スシロー「おとり広告」で措置命令 “うに かに品切れも宣伝”

キャンペーン期間中の「うに」や「かに」が実際は店になかったなんて…。

回転ずしチェーン大手の「スシロー」が、去年、実際と異なる表示で不当に客を誘う「おとり広告」を行っていたとして、消費者庁は運営会社に再発防止などを命じる措置命令を出しました。

楽しみにしていた消費者からは厳しい声が上がっています。

回転ずしチェーン大手に措置命令

措置命令を受けたのは、回転ずしチェーン「スシロー」を展開する大阪・吹田市に本社がある運営会社「あきんどスシロー」です。
去年9月に行った新物の「うに」を呼び物にしたキャンペーンのCMの画像です。

ところが、これを見て店に行ってもほぼすべての店で食べることができない期間があったんです。

消費者 “それはあかん”

街の消費者からは厳しい声が上がっています。

豊中市に住む20代姉妹
「それはあかん。

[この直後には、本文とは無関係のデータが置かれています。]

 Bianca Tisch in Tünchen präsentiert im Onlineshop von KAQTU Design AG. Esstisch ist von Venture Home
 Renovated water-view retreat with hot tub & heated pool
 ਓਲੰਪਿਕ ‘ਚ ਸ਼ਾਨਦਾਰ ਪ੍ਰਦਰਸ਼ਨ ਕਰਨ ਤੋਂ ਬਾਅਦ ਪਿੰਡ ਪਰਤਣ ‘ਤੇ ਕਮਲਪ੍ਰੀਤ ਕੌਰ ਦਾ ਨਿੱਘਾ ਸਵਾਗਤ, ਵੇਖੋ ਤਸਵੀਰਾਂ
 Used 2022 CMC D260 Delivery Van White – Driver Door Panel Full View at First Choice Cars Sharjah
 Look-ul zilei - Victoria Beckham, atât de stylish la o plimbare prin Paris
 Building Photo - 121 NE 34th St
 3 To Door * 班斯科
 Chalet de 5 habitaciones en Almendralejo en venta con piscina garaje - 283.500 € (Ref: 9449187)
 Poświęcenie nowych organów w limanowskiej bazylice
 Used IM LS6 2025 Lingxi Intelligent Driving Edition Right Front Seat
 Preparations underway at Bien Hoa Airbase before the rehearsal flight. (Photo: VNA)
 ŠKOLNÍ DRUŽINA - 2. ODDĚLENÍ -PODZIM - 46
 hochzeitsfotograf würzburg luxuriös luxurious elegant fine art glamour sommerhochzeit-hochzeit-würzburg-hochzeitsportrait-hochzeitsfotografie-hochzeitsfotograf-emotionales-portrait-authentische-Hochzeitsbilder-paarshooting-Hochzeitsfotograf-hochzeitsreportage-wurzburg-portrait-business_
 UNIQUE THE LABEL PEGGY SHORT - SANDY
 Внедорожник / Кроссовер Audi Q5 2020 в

広告の商品がなくても別のものを食べます。客を呼びたいお店の気持ちもわかりますが、商品がなかったらファンとしてはショックです」

大阪府内に住む30代男性
「広告を見てお店に行ったのになかったらショックでつらい。過剰な広告はやめてほしいです」
吹田市に住む80代女性
「孫がおすしが好きでよく一緒にスシローに行きます。お店に行くといつもウニがなくて、食べたいものがないと残念です」

“うに かに 品切れも宣伝”

消費者庁と公正取引委員会によりますと、「スシロー」は去年9月と10月に、キャンペーンとして期間限定のうにを1貫110円と3種盛り528円で売り出していました。

しかし、すぐに在庫がなくなり、全国の9割以上にあたるおよそ500余りの店で、一時、提供を取りやめたということです。

その間もウェブサイトなどでキャンペーンの宣伝を続け、客から「宣伝を見て店に来たのに不満だ」とか「販売をしていないならCMをやめるべきだ」などと会社に苦情が相次いだということです。
また、去年11月から12月には十分な準備を行わないまま「豪華かにづくし」などと銘打ちかにを呼び物にしたキャンペーンを行いましたが、初日から販売できない店が相次いだということです。

予定どおり提供できなかったのは583店舗にのぼりました。

消費者庁は、こうした宣伝は、実際と異なる表示で不当に客を誘う「おとり広告」にあたり、景品表示法に違反するとして9日、会社に対し、再発防止などを命じる措置命令を行いました。

「おとり広告」とは

消費者庁によりますと「おとり広告」は、商品やサービスが実際には購入できないにも関わらず、購入できるかのように表示しているものです。

景品表示法で、不当に顧客を誘い、公正な競争を害するおそれがあるとして規制されています。

「おとり広告」をめぐっては、5年前、大手通信会社が、スマートウォッチを1万円余りで販売するとうたいながら実際には商品を用意できていなかったとして、消費者庁から再発防止などを求める措置命令を受けています。

また、6年前には、大阪の中堅スーパーが実際には入荷していないブランド牛を「値下げして販売する」と、新聞の折り込みチラシで表示していたとして、措置命令を受けました。

措置命令に会社側は

今回、なぜ、うにやかにが品切れとなり、このような事態に陥ったのか。
「あきんどスシロー」の親会社の「FOOD & LIFE COMPANIES」は、NHKの取材に対し「販売予測が不十分で大幅な欠品が生じてしまった」と理由を説明しています。

FOOD & LIFE COMPANIES
「品切れについて店舗での周知は行っていたものの、広く周知する対応ができていなかったです。お客様にご迷惑をおかけし、大変申し訳ないことと考えており、今後、こういったことがないよう努めてまいります」

「表示と実際 異ならぬように」

消費者庁とともに調査にあたった公正取引委員会近畿中国四国事務所の真渕博所長は、会見で「好調な回転ずし市場において売り上げシェア1位を占める会社が行った不当な表示であり、店舗数の多さなどから一般消費者に与えた影響は大きい」と批判しました。

真渕博所長
「材料が足りなくなった段階で消費者に知らせたり、表示をあらためるなどさまざまな対応があったと考えられる。なにより、表示と実際が異ならないようにすることが重要だ」

うそのない広告を

食品などの値上げが続いているなかで、消費者にとっては大事な外食の機会。

食事の楽しみを奪うことがないように、誠実な広告が求められています。